Exercise —
Within the entries below, please return exactly the lines from the one with "Mr. Sirius Black" through the one with "СУТКИ: 4 мне змея", leaving out any pictures.
##### Dataset records #####
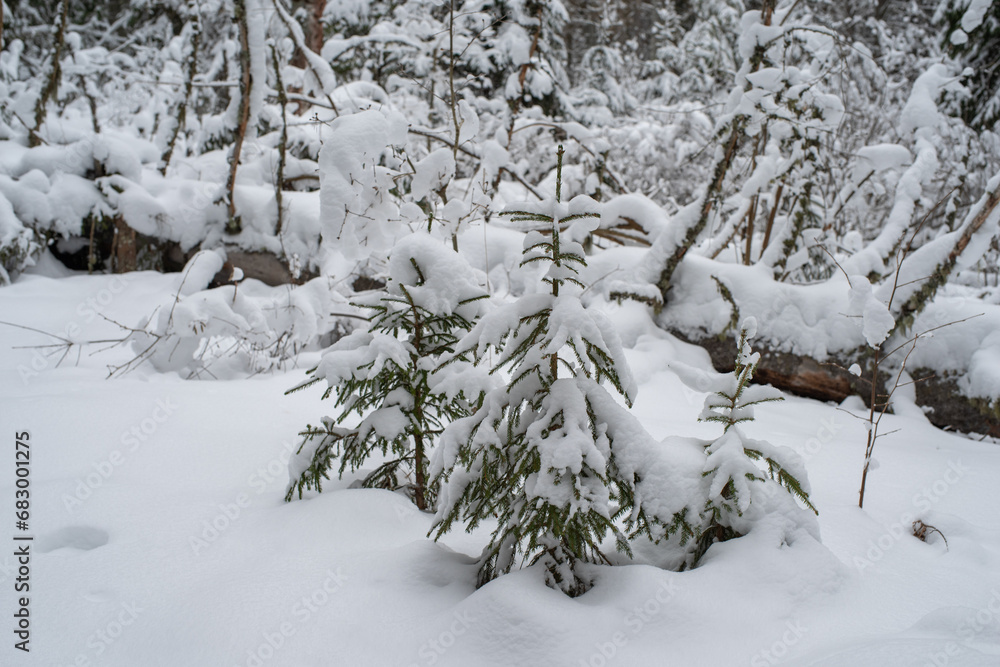 Beautiful young spruce trees covered with snow. Christmas trees in nature. Green spruce close-up. Taevaskoda, Estonia.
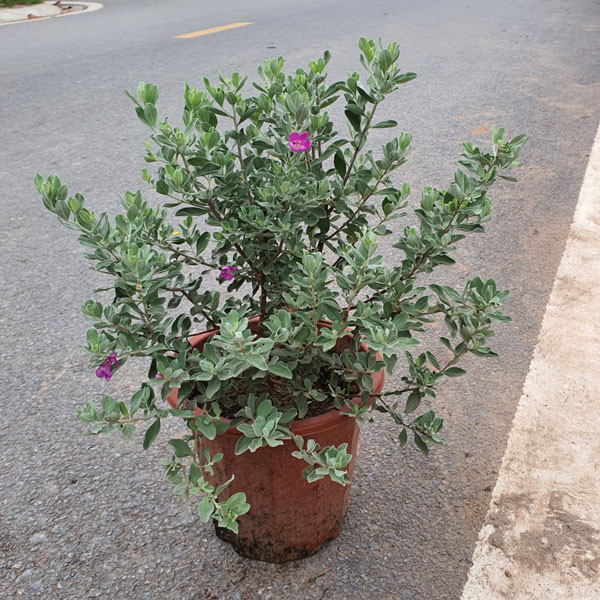 Cây Tuyết Sơn Phi Hồng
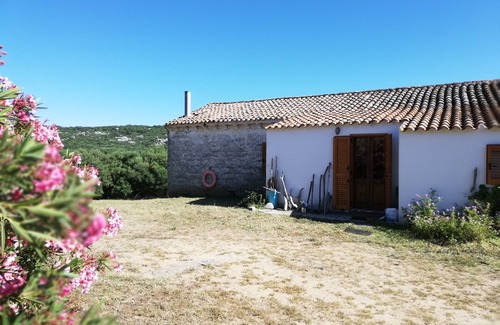 Luogosanto House | Mansion - Luogosanto - House with character in the countryside at 15km from all the beaches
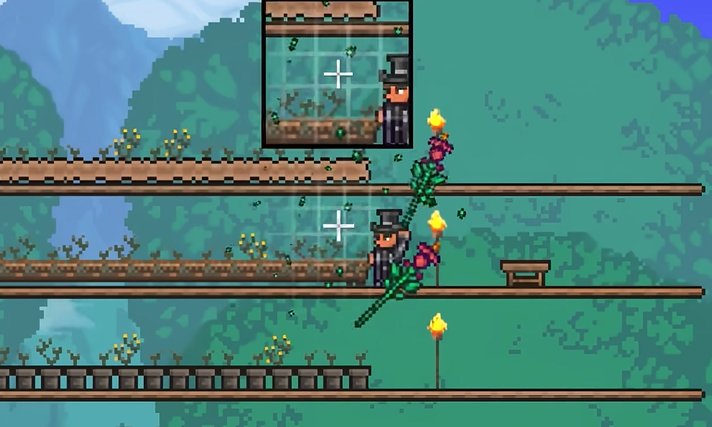 泰拉瑞亚种的种子怎么收种子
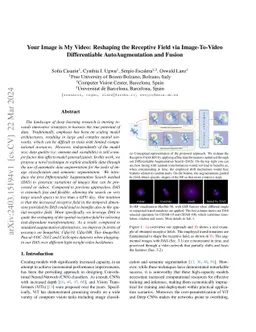 Your Image is My Video: Reshaping the Receptive Field via Image-To-Video
  Differentiable AutoAugmentation and Fusion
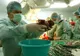 Românii mor cu zile pe listele de aşteptare : Doar 44 de donatori de organe în 2009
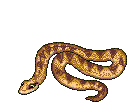 snake 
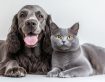 Dermatology in Dogs and Cats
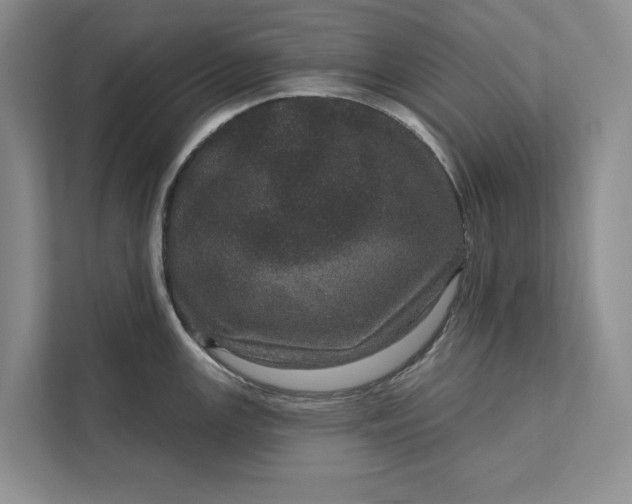 X0000111871147200908061249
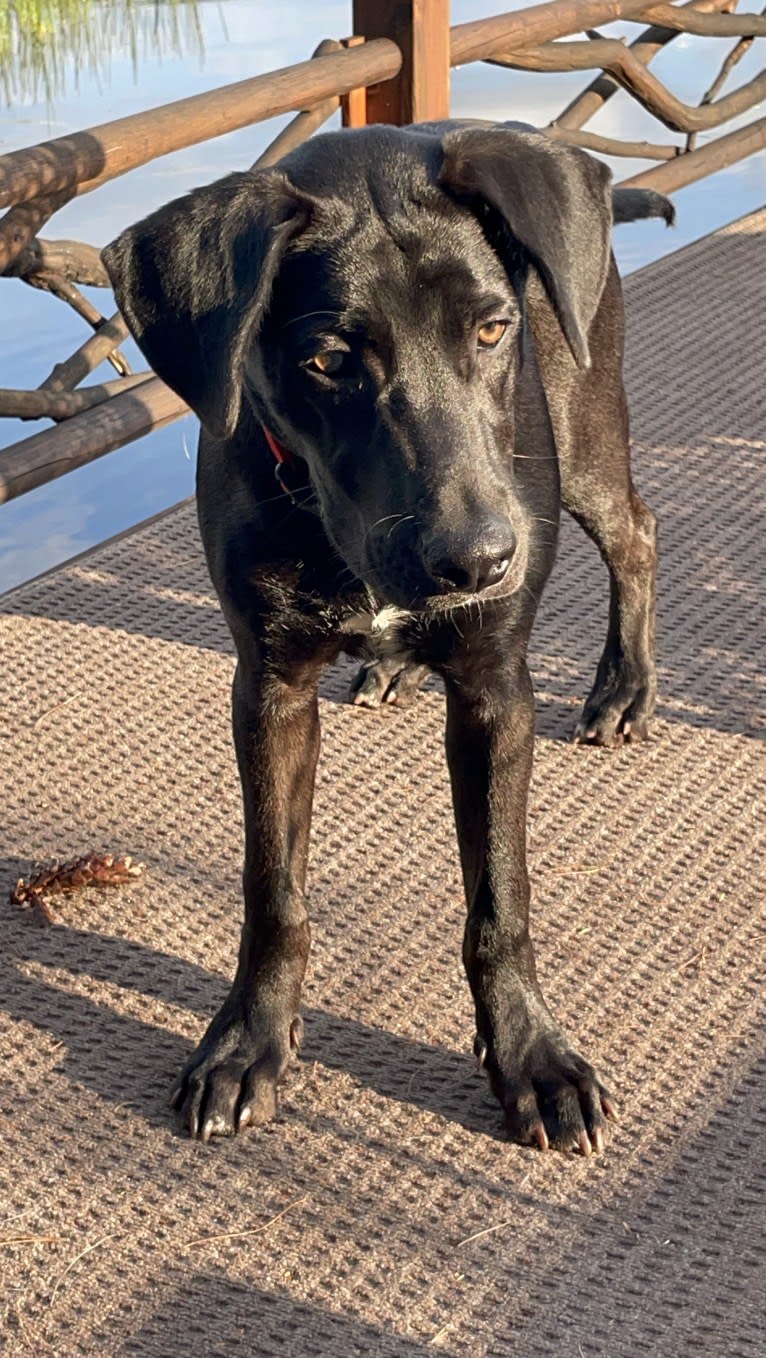 Mr. Sirius Black Obsidian Bean, a German Shepherd Dog and American Pit Bull Terrier mix tested with EmbarkVet.com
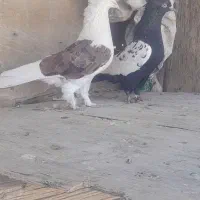 کفتره ببهونی بزن|پرنده|شیراز, شهرک گلها|دیوار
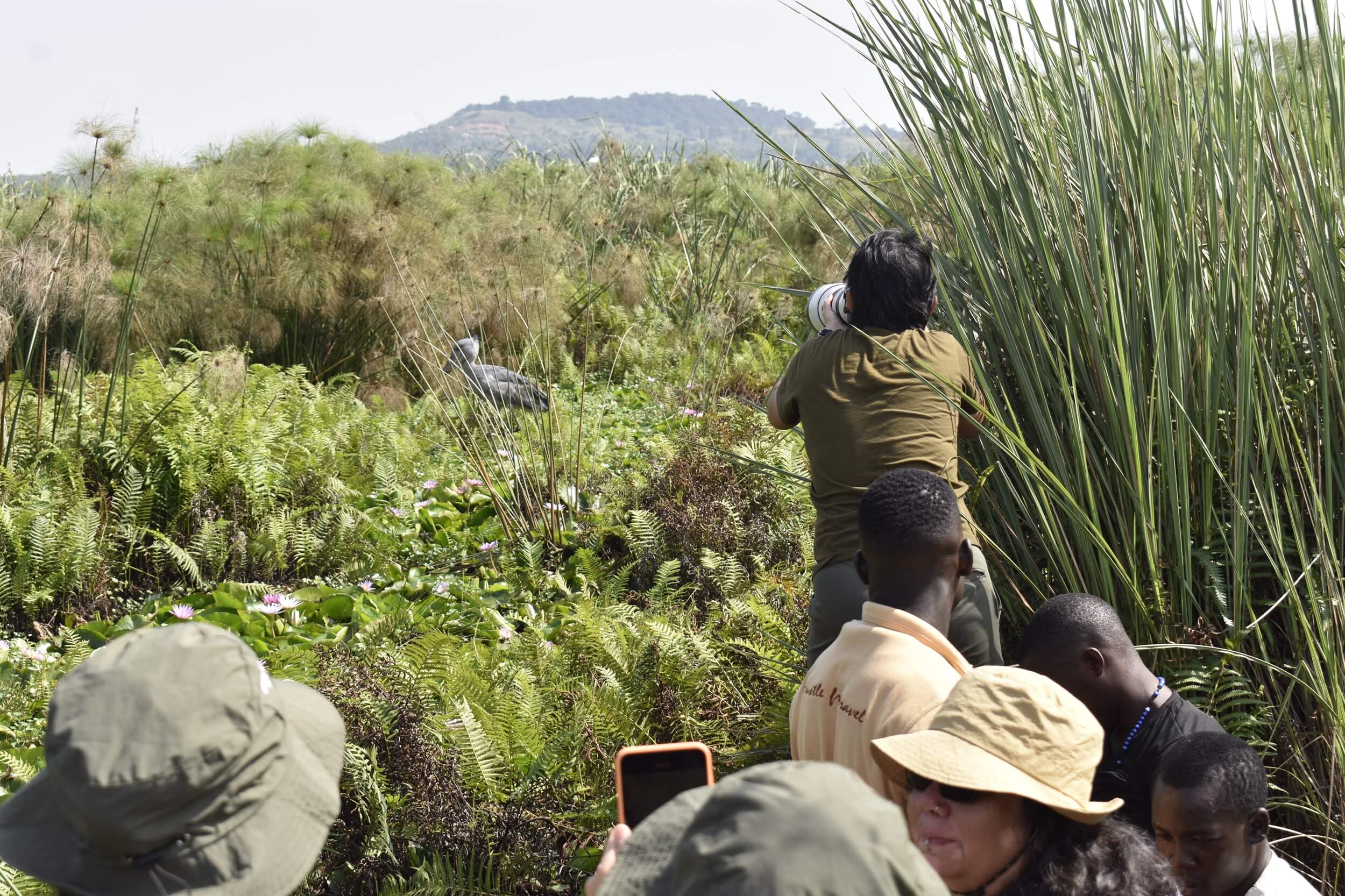 Mabamba Shoebill Tour – Half Day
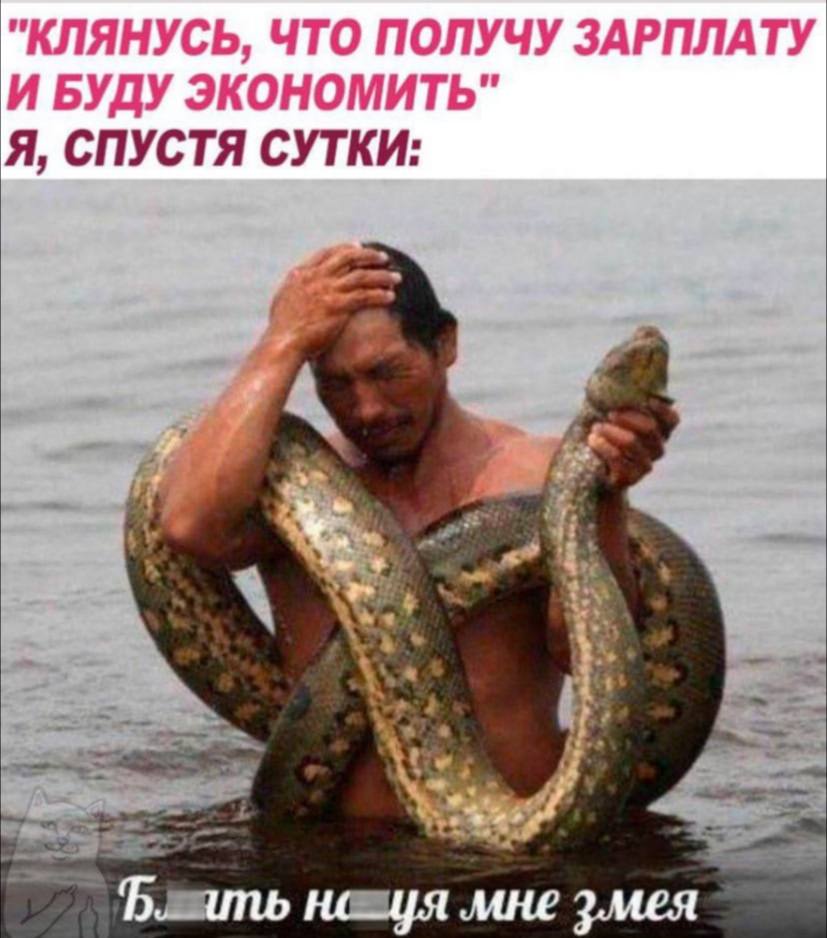 "КЛЯНУСЬ, ЧТО ПОЛУЧУ ЗАРПЛАТУ И БУДУ ЭКОНОМИТЬ" Я, СПУСТЯ СУТКИ: 4 мне змея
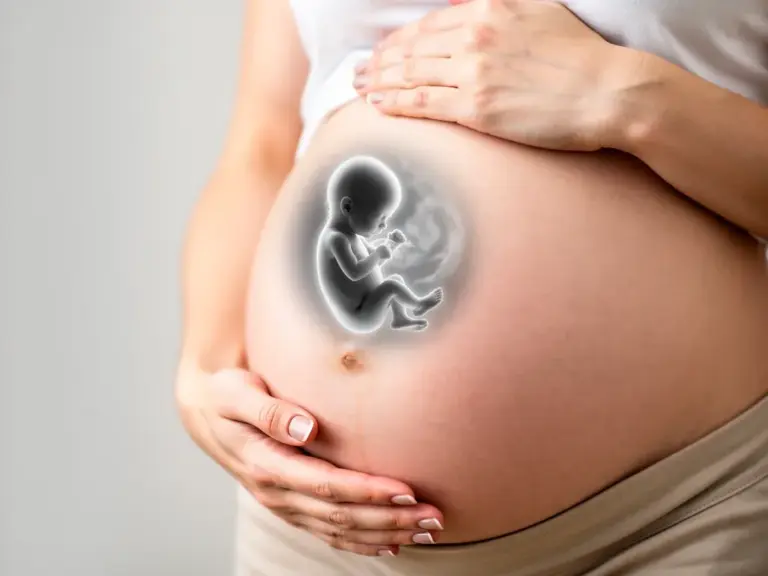 Ultraschallbilder in jeder Schwangerschaftswoche zur Entwicklung des Ungeborenen verstehen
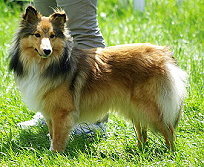 Showhund Elana vom Affinger Bach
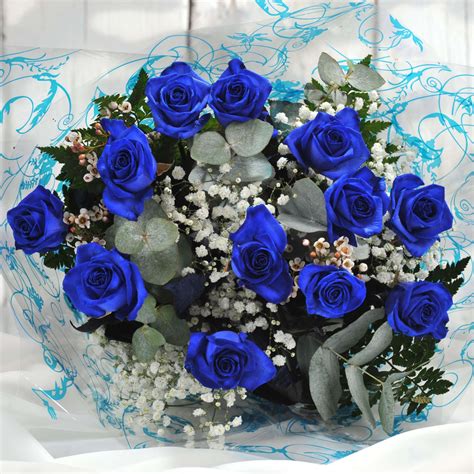 Real Blue Rose Bouquet Ubicaciondepersonascdmxgobmx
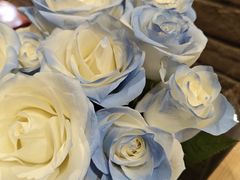 -万达广场(东莞厚街店)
#####
Expected answer —
 Mr. Sirius Black Obsidian Bean, a German Shepherd Dog and American Pit Bull Terrier mix tested with EmbarkVet.com
 کفتره ببهونی بزن|پرنده|شیراز, شهرک گلها|دیوار
 Mabamba Shoebill Tour – Half Day
 "КЛЯНУСЬ, ЧТО ПОЛУЧУ ЗАРПЛАТУ И БУДУ ЭКОНОМИТЬ" Я, СПУСТЯ СУТКИ: 4 мне змея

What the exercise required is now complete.